DataFrame

DataFrame is the core data structure in GreenplumPython.

Conceptually, a DataFrame is a two-dimensional structure containing data.

In the data science world, a DataFrame in GreenplumPython, referred to as gp.DataFrame, is similar to a DataFrame in pandas, except that:

  • Data in a gp.DataFrame is lazily evaluated rather than eagerly. That is, they are computed only when they are observed. This can improve efficiency in many cases.

  • Data in a gp.DataFrame is located and manipulated on a remote database system rather than locally. As a consequence,

    • Retrieving them from the database system can be expensive. Therefore, once the data of a gp.DataFrame is fetched from the database system, it will be cached locally for later use.

    • They might be modified concurrently by other users of the database system. You might need to use refresh() to sync the updates if the data becomes stale.

In the database world, a gp.DataFrame is similar to a materialized view in a database system in that:

  • They both result from a possibly complex query.

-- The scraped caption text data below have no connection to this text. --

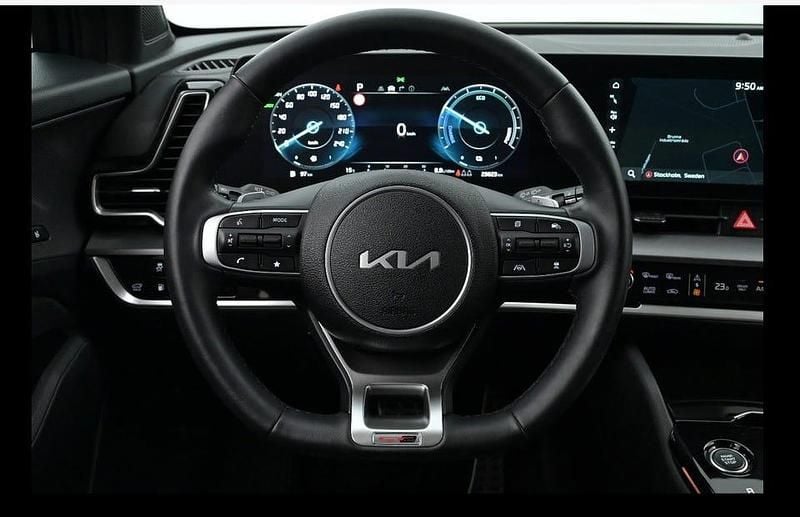 Mörkgrå, svart Begagnad 2022 Kia Sportage SUV | 340 000 kr (Marknadspris) - Bild 1/3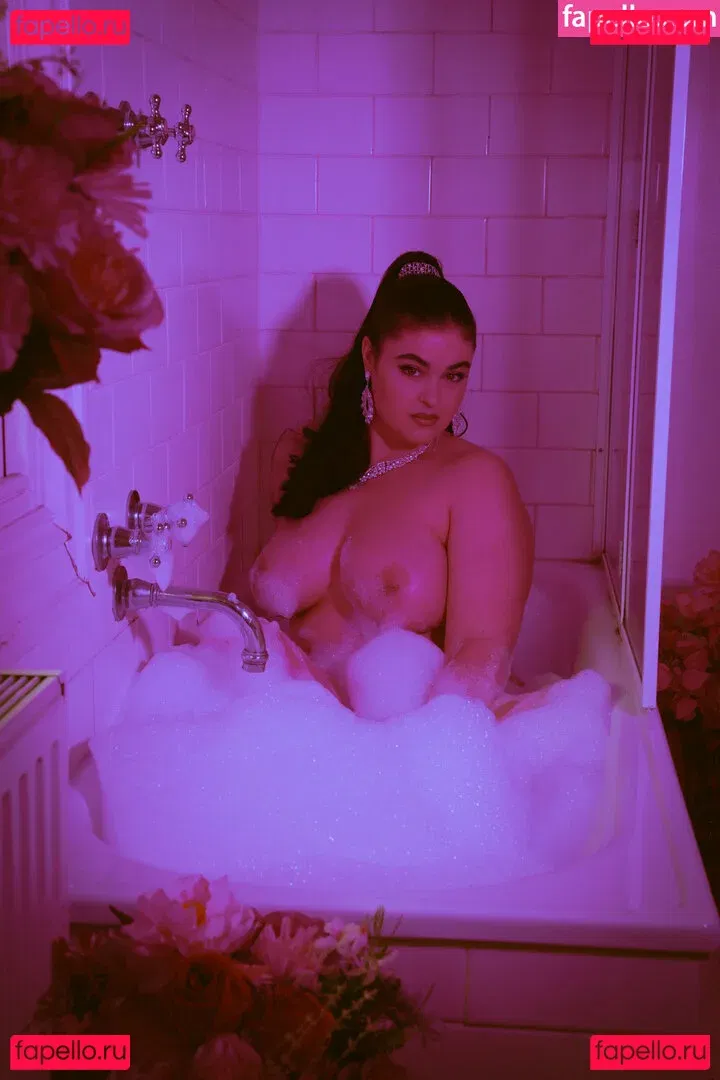 Stefania Ferrario Onlyfans Photo Gallery 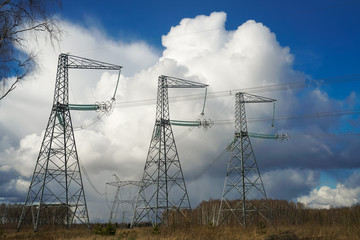 750 kV overhead high-voltage power transmission line
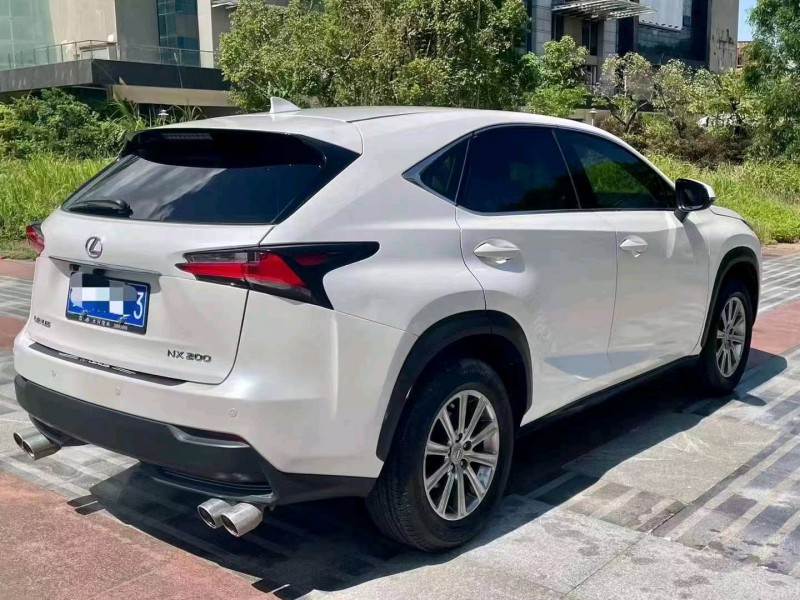 珠海15年雷克萨斯NX6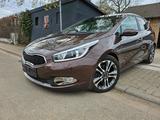 Kia cee'd / Ceed 1.6 CRDi Platinum Edition Automatik - Kia cee'd / Ceed in Ludwigshafen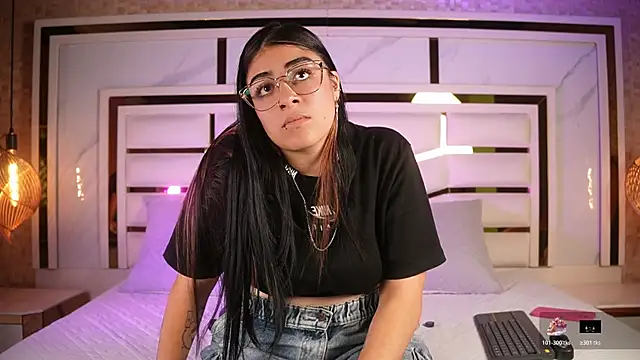 nicole sm online show from 04-24-26, 03:31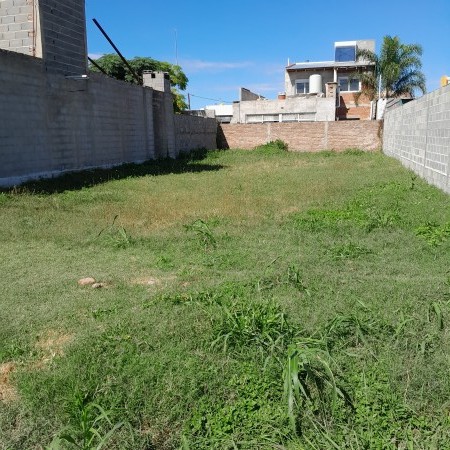 LOTE  EN VENTA EN BARRIO CON SEGURIDAD!!!
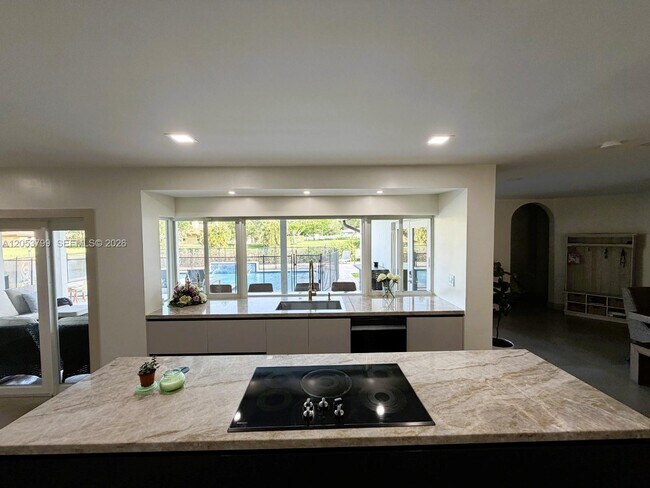 Building Photo - 10950 SW 40 Ct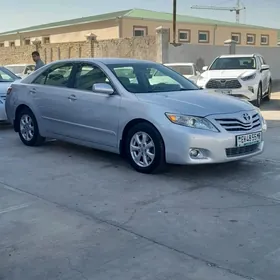 Toyota Camry 2010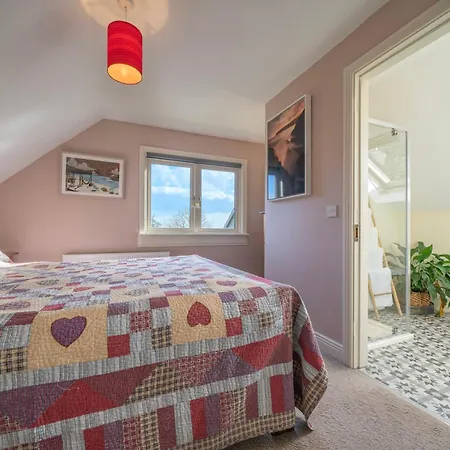 The Bird House - Coastal In Lovely Forest Setting Nr. Kinsale Vakantiehuis *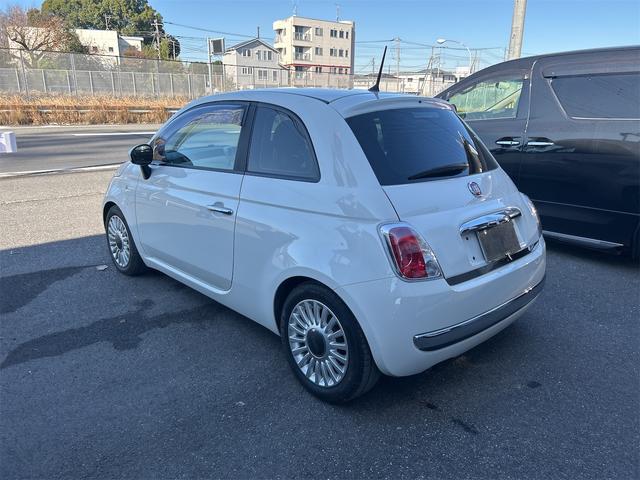 500 ツインエア ポップ CarPlayoオーディオ Bluetooth バックカメラ 純正ホイル 本革調シートカバー(5枚目)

  • They both hold data, as opposed to views.

  • The data can become stale due to concurrent modification. And the refresh() method is similar to the REFRESH MATERIALIZED VIEW command in PostgreSQL for syncing updates.

class dataframe.DataFrame

Bases: object

Representation of GreenplumPython DataFrame object.

property is_saved: bool

Check whether the current dataframe is saved in database.

__getitem__(_) DataFrame
__getitem__(column_names: List[str]) DataFrame
__getitem__(predicate: Callable[[DataFrame], Expr]) DataFrame
__getitem__(column_name: str) Expr
__getitem__(rows: slice) DataFrame

Select parts of the DataFrame.

Returns: Column or DataFrame

  • Returns: a Column of the current DataFrame

    When want to use Column for computation rather for observing data:

    Args: key: string

id_col = dataframe["id"]
  • Returns: a new DataFrame from the current DataFrame per the type of key:

    • When want to retrieve some columns of DataFrame:

      Args: key: list of columns

      Returns: DataFrame with the subset of columns, a.k.a. targets

    id_dataframe = dataframe[["id"]]
    
    id_cond_dataframe = dataframe[lambda t: t["id"] == 0]
    
    • When want to retrieve a portion of DataFrame:

      Args: key: slice

      Returns: DataFrame with the portion of consecutive rows

    slice_dataframe = tab[2:5]
    
where(predicate)

Filter the DataFrame by applying the predicate.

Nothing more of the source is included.